→ Action item
Having located the line with "Agnona - Leather-Trimmed", repeat it and all remaining lines of the records exactly. Pictures do not belong in the answer.

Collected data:
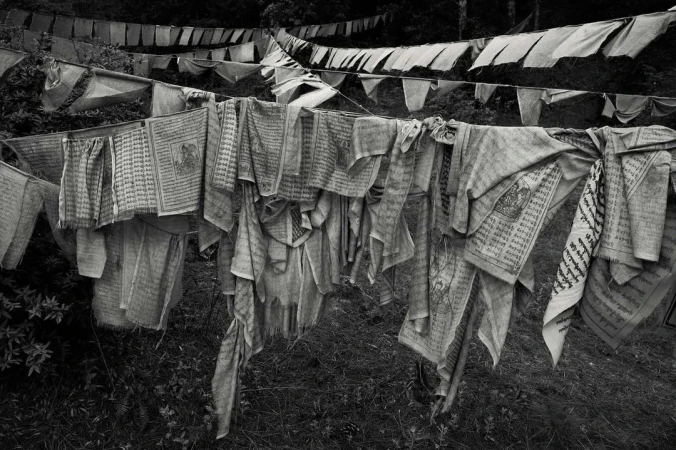 Monochrome photograph by Alistair Taylor-Young featuring weathered Tibetan prayer flags strung across a natural forest path.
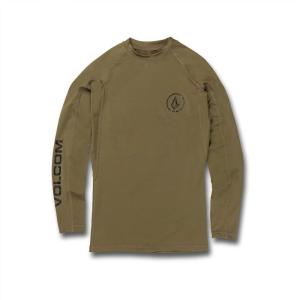 Volcom Men’s Solid UPF 50+ Long Sleeve Rashguard(Military 1)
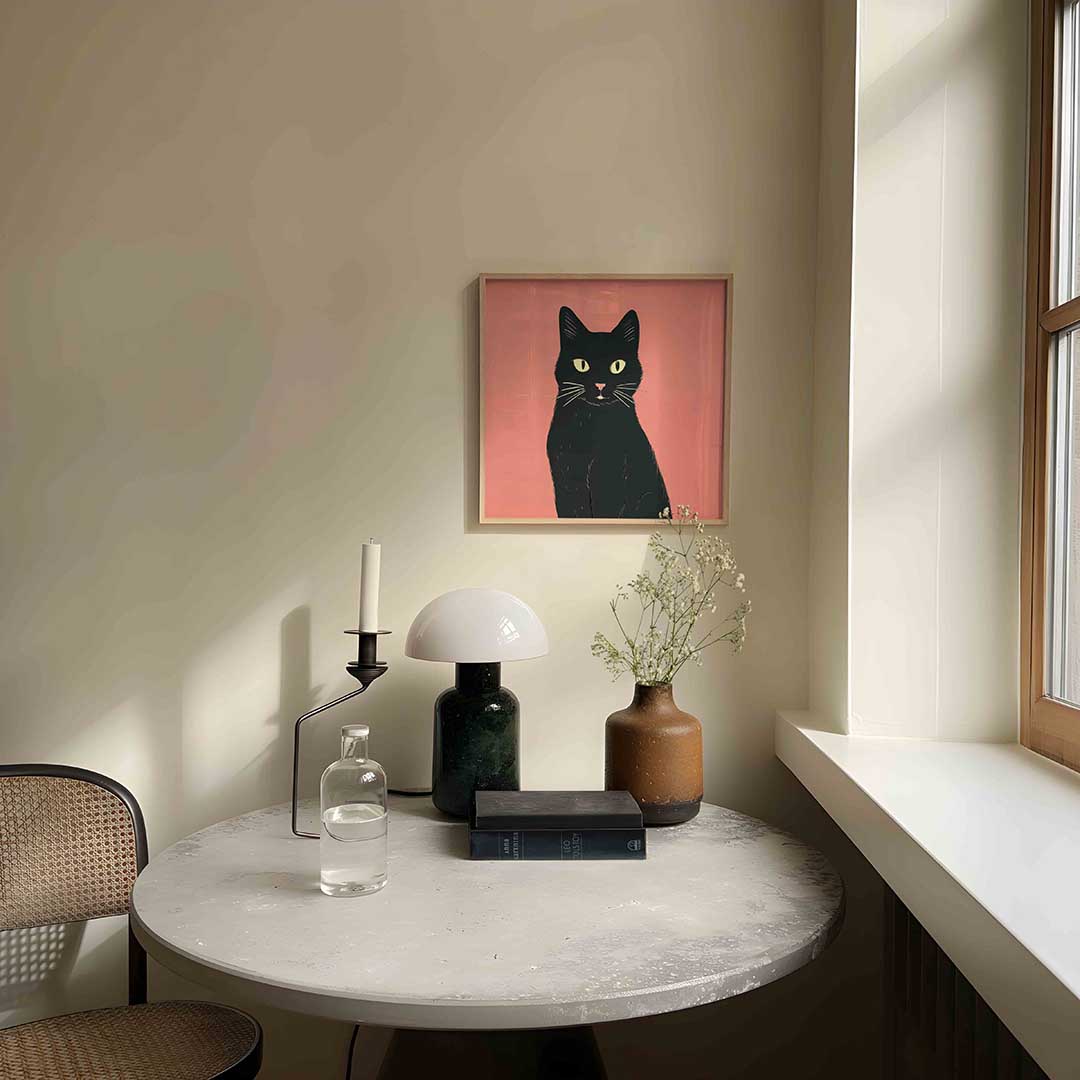 Zwarte kat – dieren poster in vierkant formaat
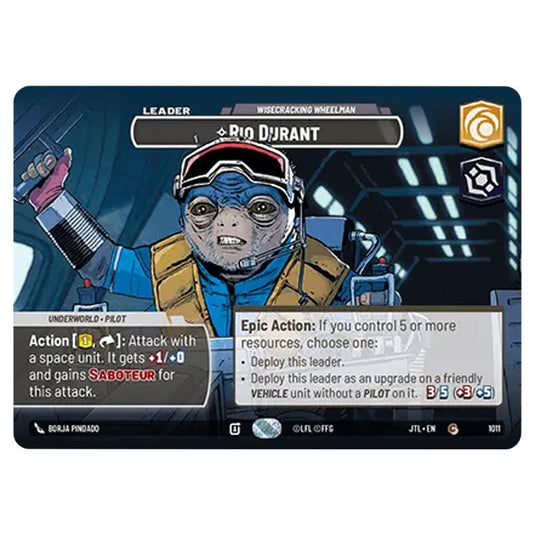 Rio Durant Wisecracking Wheelman Common card from the Star Wars Unlimited set Jump to Lightspeed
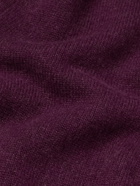 Agnona - Leather-Trimmed Cashmere Half-Zip Sweater - Burgundy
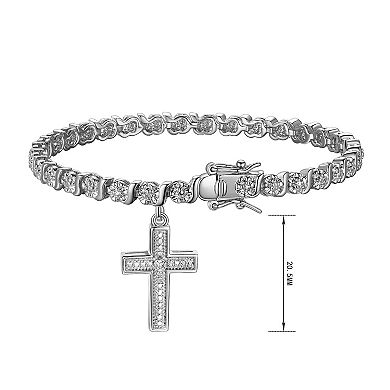 Sarafina Silver Tone Diamond Accent Cross Charm Bracelet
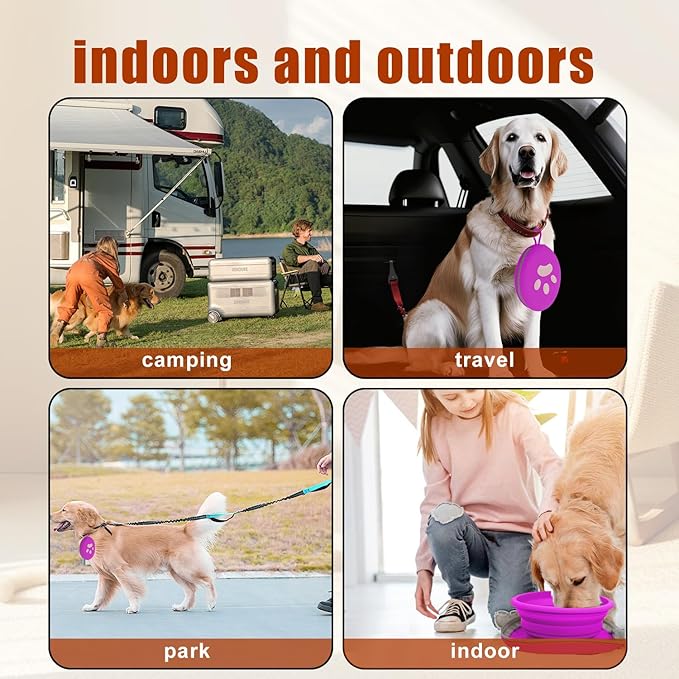 Collapsible Dog Bowls, 2-in-1 Silicone Pet Food and Water Bowl with Carabiner, Portable Double Compartment Dish for Travel, Camping, Hiking Puppy Essentials (Purple)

→ Output below
 Agnona - Leather-Trimmed Cashmere Half-Zip Sweater - Burgundy
 Sarafina Silver Tone Diamond Accent Cross Charm Bracelet
 Collapsible Dog Bowls, 2-in-1 Silicone Pet Food and Water Bowl with Carabiner, Portable Double Compartment Dish for Travel, Camping, Hiking Puppy Essentials (Purple)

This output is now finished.